Friday, August 7, 2015

Crazy

I must be insane. For my whole life, I've refused to conform to societies pre-conceived notions of reality and what is acceptable. I saw no need to dress "in-style". No need to force my beliefs on anyone. I spoke my mind, and didn't care what people thought of me. I tell things how I see them. I am brutally honest. I notice the small things, like the smell in the air, the sounds that surround me, the texture of my seat, the tastes of the food I'm eating. I don't bother with petty social situations and small talk.

I create worlds, places, and landscapes. But I don't consider myself a god in anyway because those worlds, have their own gods. I simply gave life to something, out of nothing. I am in no way divine. I create languages that have never and probably won't ever be spoken out loud. I disappear into worlds that solely exist in my mind and in the billions of words I write.

I want to share these worlds but no one wants to visit them. So I become frustrated and upset. I become angry, because I see people with "less interesting and detailed" worlds have others flock to visit. What's so special about those places that mine doesn't possess? I don't really know.

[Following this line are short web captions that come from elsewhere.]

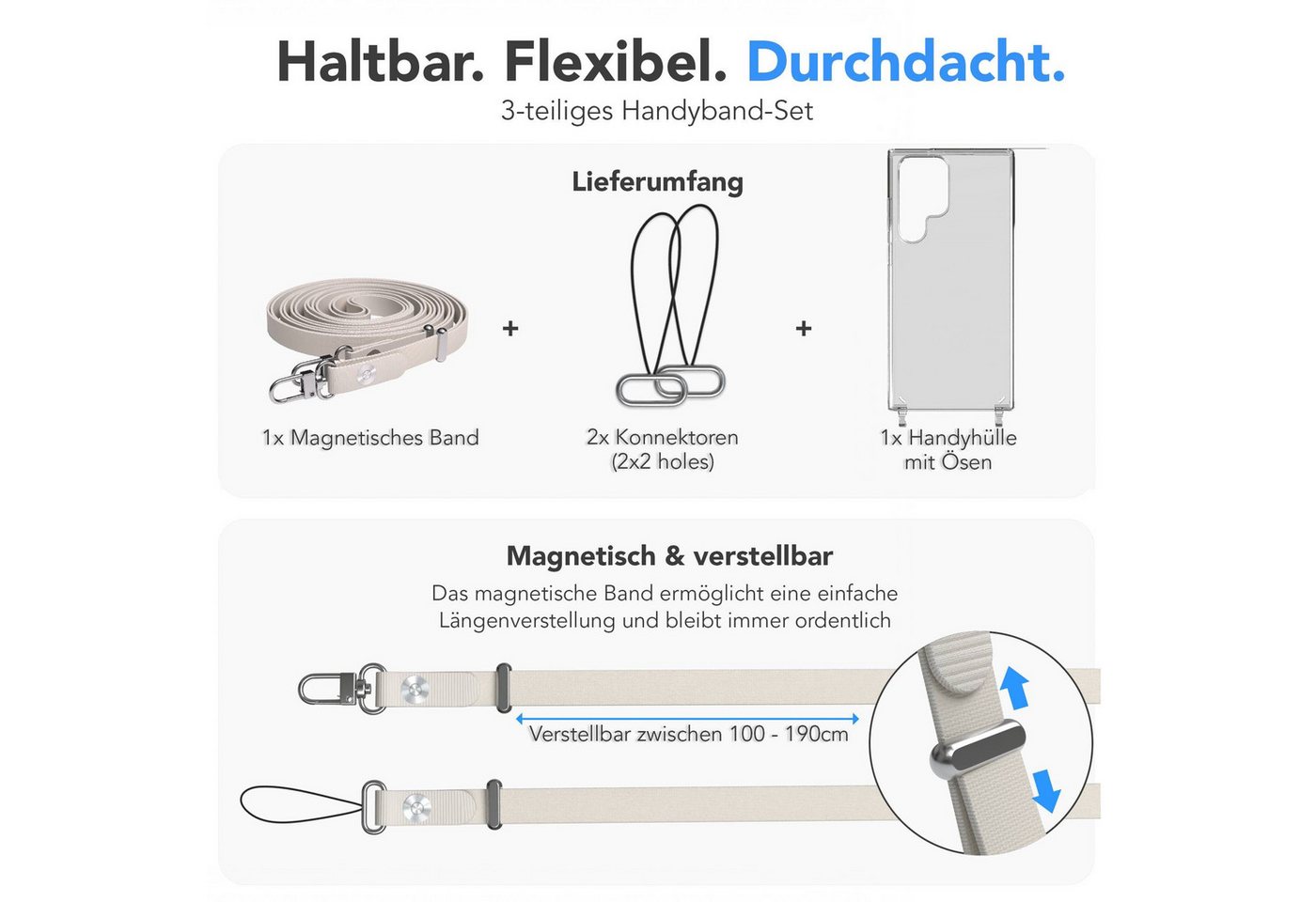 EAZY CASE Handykette für Samsung Galaxy S23 Ultra Handyhülle mit Handyband magnetisch, Handykordel in Taupe mit Magnetband für Hüllen mit 2x2 Löchern Bild 4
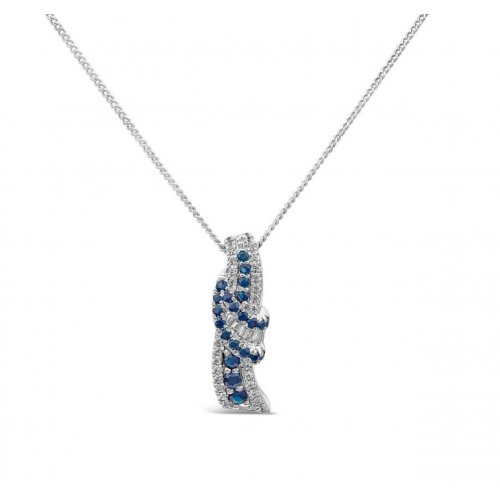 9ct White Gold Sapphire & 0.13ct Diamond Baguette Centre Wave Pendant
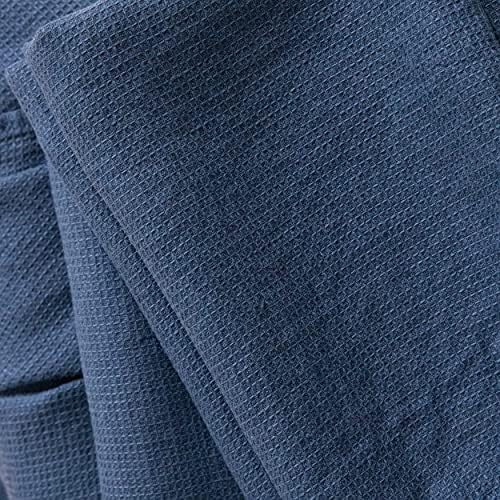 LinenMe 07799 Waffle Washed Linen Towel Set Indigo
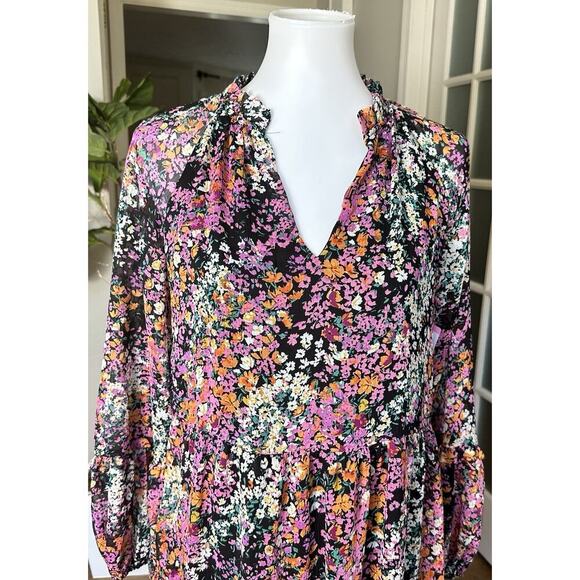 Vince Camuto V-neck Floral Tiered Ruffle Chiffon Mini Dress Women's Medium New - Picture 2 of 6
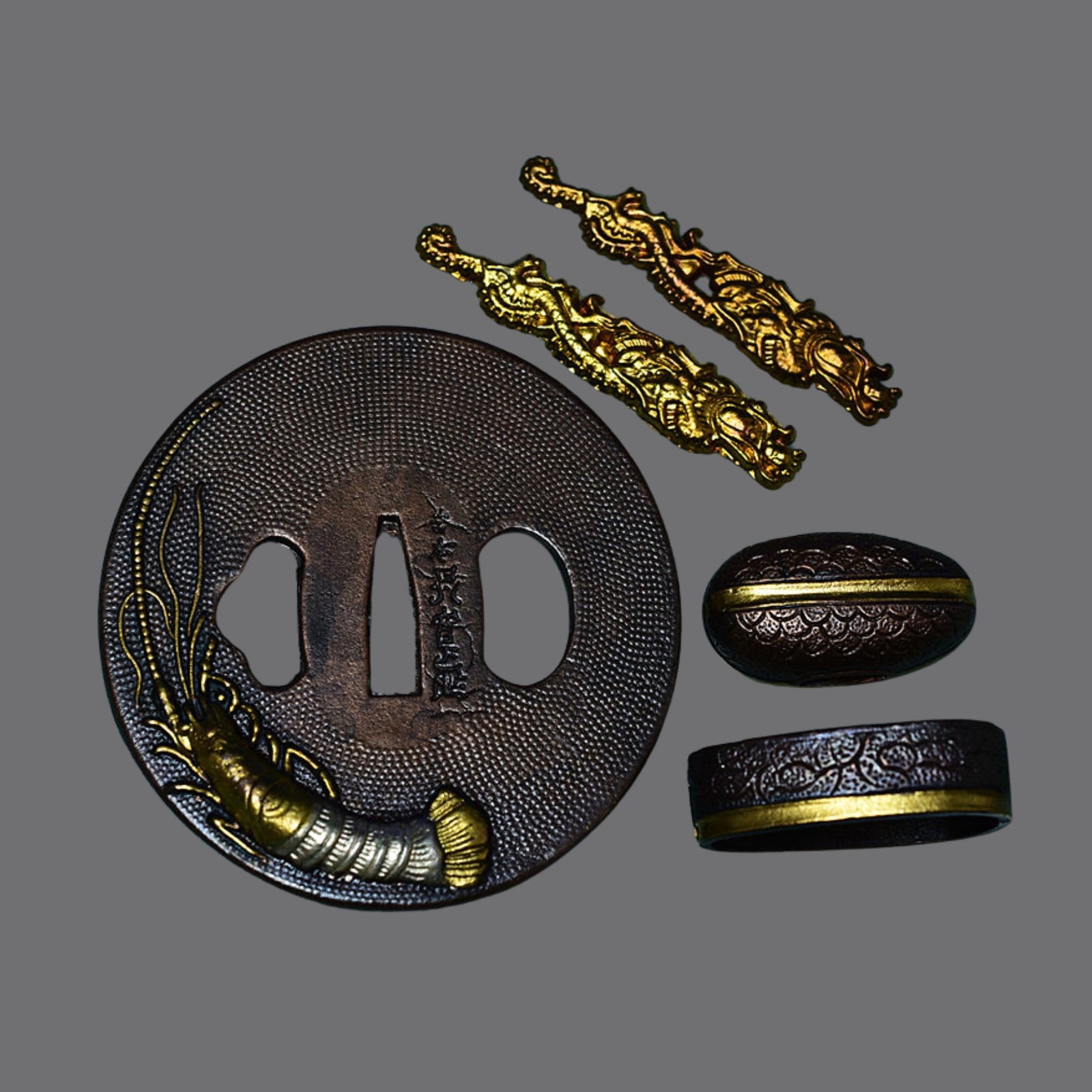 Australia Brass Tsuba with Shrimp Design | Hand-forged Tsuba for Sale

Alienation is the product of non-acceptance. Most days I feel alienated because of how I think or speak, and thus, the cycle of rage and frustration continues. I don't understand why things happen or why people think the things they do. I get angry because no one sees what I see. I think they are all blinded by "what is socially acceptable"; so worried about what is appropriate or what is taboo, that they miss all of the small yet important things in the world.

Thus I must be crazy; because I refuse to conform to societies pre-conceived notions of reality and what is acceptable. I see no need to dress how everyone else does. I speak my mind, and don't care what people think of me. I tell things how I see them. Autism is my super power.

So many songs express these emotions...

Oingo Boingo- "On the Outside"
"They laugh at me out loud, they say I'm just a clown
That I ain't got no ride, I'm on the outside
The girls look really cute, they really make it work
They think I'm just a jerk, I'm on the outside"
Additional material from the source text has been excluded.